The master-slave relationship is at the crux of the movie, and fortunately Bell and Tatum make a good team. Bell is another young British actor who I foresee good things happening from in the near future; while this movie isn’t likely to catapult his career forward, at least it isn’t setting it back either. His performance is strong and competent.

Also of note is Rahim as the leader of the Seal People, a tribe of Celts in northern Caledonia. Some might remember him from A Prophet as the young Franco-Arab sent to prison but here he is the nominal villain, and yet he engenders such sympathy that you almost wind up rooting for him in spite of yourself. That’s the definition of a great movie villain in my book. 

If you are looking for the fairer sex here, look elsewhere. There are few women seen in anything other than as extras, mostly looking at Tatum and Bell lustfully. This is most certainly a man’s world and we are just passing through.
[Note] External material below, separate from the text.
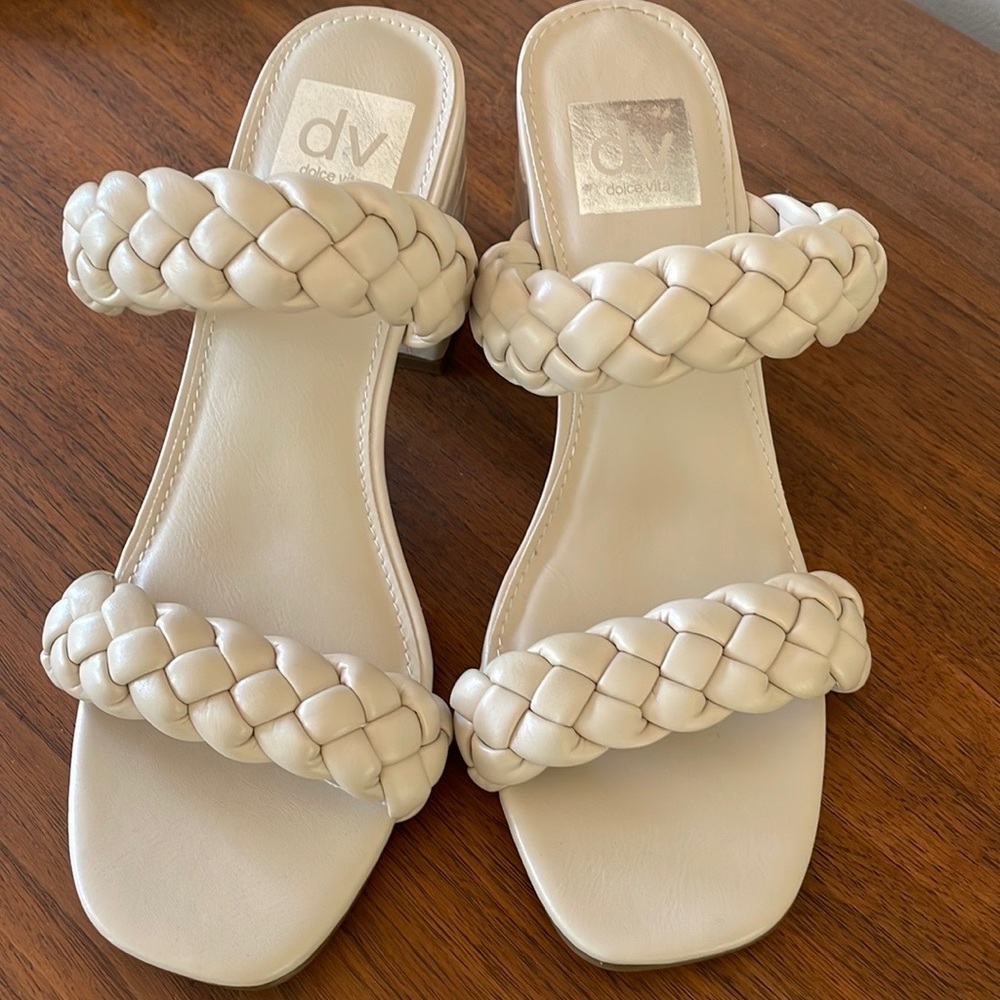 Dolce Vita Tessa Braided Sandals in Ivory Size 7.5 Never Worn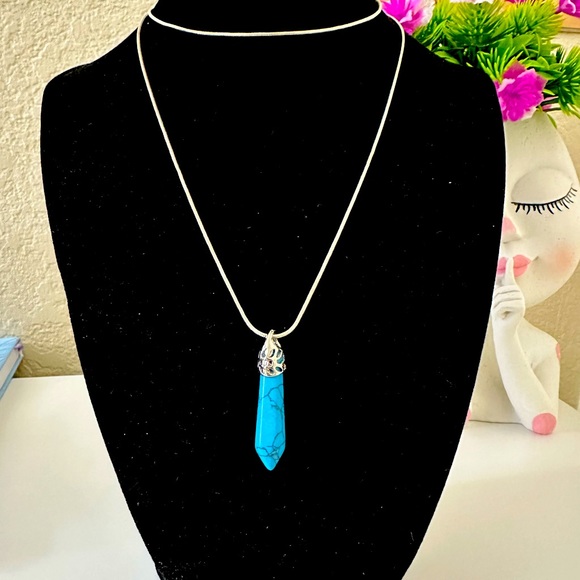 Turquoise pendant necklace. You can wear it in two different ways. - Picture 1 of 2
I’m not sure that it helped the movie any – I for one like having both sexes present in a movie – but I suppose it made a sort of sense that the women took a backseat in this film.

That’s kind of odd too, because the novel the movie was based on, “The Eagle of the Ninth,” was written by Rosemary Sutcliff back in 1954 and she by all accounts was all woman. While some more ignorant critics have labeled the source material a children’s book (and Sutcliff wrote a great many of those), it was in fact not specifically aimed at children and is a good read for young and old alike.

The movie differs from the book in a number of very basic and fundamental ways so purists beware. One of the more basic tangents is the relationship of Esca and Marcus which is less a factor in the book than it is in the movie. I like the movie’s interpretation of it, although the thought of a patrician Roman and a lowly British slave becoming friends…not likely.  

Still it’s that chemistry that drives the movie and while it reeks of old-fashioned Hollywood smarm, it’s still effective in an era that tends to choose flash and glitter over story. The Eagle doesn’t necessarily blow one away visually, but the story and the underlying adventure are a bit of a breath of fresh air. For those who are fond of saying they don’t make ‘em like that anymore, here’s living proof that they can and they do.

REASONS TO GO: Good buddy dynamic between Tatum and Bell. Some nice adventure action and an authentic looking Roman setting.

REASONS TO STAY: A bit on the pedestrian side and the lack of women in the film is a bit off-putting but not as much as Tatum’s attempt at an accent.

FAMILY VALUES: There are some battle violence and a few images that might be disturbing to the very young.

TRIVIAL PURSUIT: The family name of the main character is Aquila, which is Latin for “eagle.”

HOME OR THEATER: There are some battle scenes and wilderness shots that certainly will look nifty on the big screen.